La justicia, que es fuerte e incorruptible,
vigila el mundo con mirada ardiente,
siempre da a cada quien lo que es posible,
nunca se desvia, nunca es indulgente.
La misericordia, tierna y serena,
abraza el débil, restaura al caído,
solo su voz es calma en noche plena,
bálsamo dulce en mi sendero herido.
Entonces la humildad, callada y sabia,
desciende suave, muy lejos del ruido,
ella se viste de amor, sin ansia agria,
pero sin ego altivo, sin sueño ido.
Así la conciencia, faro brillante,
nos hace verdaderos y benditos,
el tripode eterno, inmortal y amante,
un testigo fiel del tiempo infinito.
Ella habla sin distorsiones ni engaños,
y solo la mata la indiferencia,
y es que a veces se duerme muchos años
ella despierta al amor y a la ciencia
Y puede avivarse con la verdad,
pero apagarse con la indiferencia,
cuando ella me duele es porque estoy mal
pero también me abriga en la tormenta
Siempre está presente, arrastrando culpas
me está enseñando y dando claridad,
ella me desata de las excusas
me ofrece alas hacia la libertad
Llave de conocimiento interior
sabiduría a nuestra disposición
al humilde, al al joven y al mayor
solo mi conciencia me hace mejor
SERGIO SÁNCHEZ GARRIDO
El Trípode del Alma es un poema que profundiza en la esencia de la conciencia como guía moral y espiritual, sustentada por los pilares de justicia, misericordia y humildad. A través de una estructura rítmica y una cuidadosa selección de metáforas, el poema nos invita a reflexionar sobre la importancia de estos valores en la vida.

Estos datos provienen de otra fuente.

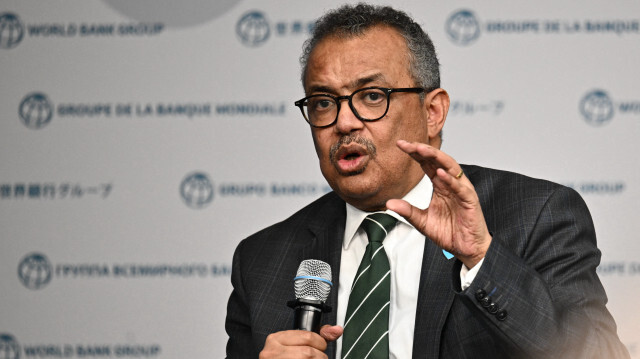 Tedros Adhanom Ghebreyesus, directeur général de l'Organisation mondiale de la santé (OMS), s'exprimant lors d'un événement sur l'élargissement de la couverture sanitaire pour tous, pendant les réunions de printemps du FMI et du groupe de la Banque mondiale au siège de la Banque mondiale à Washington, DC, le 18 avril 2024.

Desde sus primeros versos, el poema presenta a la conciencia como un trono de luz divina, enfatizando su papel central en la existencia humana. Los pilares que la sostienen—justicia, misericordia y humildad—son fundamentales para mantener el equilibrio y la armonía interior. La justicia, descrita como fuerte e incorruptible, representa el principio inmutable de dar a cada quien lo que merece. La misericordia, con su tono tierno y sereno, nos recuerda la necesidad del amor y la compasión en nuestras acciones. Por último, la humildad se presenta como callada y sabia, permitiendo la reflexión y el reconocimiento de los propios errores.

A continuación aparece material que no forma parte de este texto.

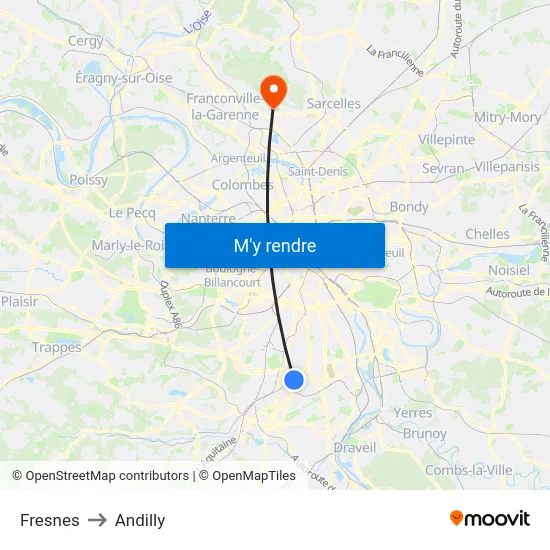 Fresnes to Andilly map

El poema enfatiza que la conciencia no es simplemente una voz interna, sino un testigo eterno del tiempo infinito, un guardián que nos guía hacia la verdad. Se destaca su capacidad de despertar, después de años de indiferencia, reavivada por la verdad y el amor. Asimismo, se le compara con un faro brillante, que ilumina el camino correcto y nos enseña a reconocer las excusas y errores que nos atan.

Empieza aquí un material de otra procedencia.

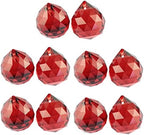 Queenbox 10pcs 40mm Crystal Suncatcher Prism Ball Rainbow Hanging Pendants Maker with Hole for Chandelier Feng Shui Window, Red by Queenbox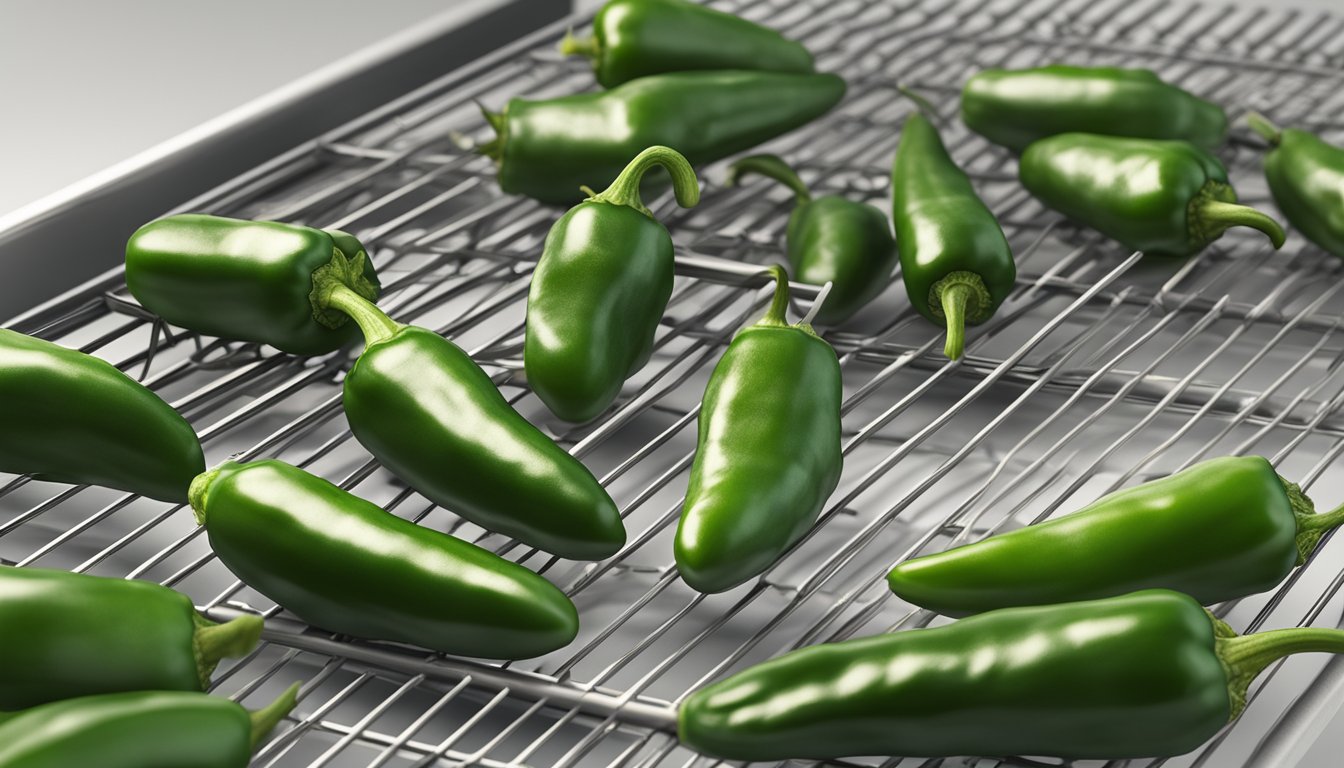 Fresh jalapeno peppers laid out on a wire rack, with a dehydrator in the background, set to a specific temperature and timer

En la última estrofa, el poema reafirma que la conciencia es la llave del conocimiento y la verdadera sabiduría, accesible para todos, sin importar edad o condición. Es el eje que nos hace mejores, el fundamento de una vida íntegra y plena.
En definitiva, El Trípode del Alma es una poderosa meditación sobre el papel de la conciencia y los valores que la sustentan. Nos recuerda que, cuando vivimos en justicia, misericordia y humildad, nuestra conciencia se convierte en un faro de luz, guiándonos hacia una existencia más auténtica y significativa.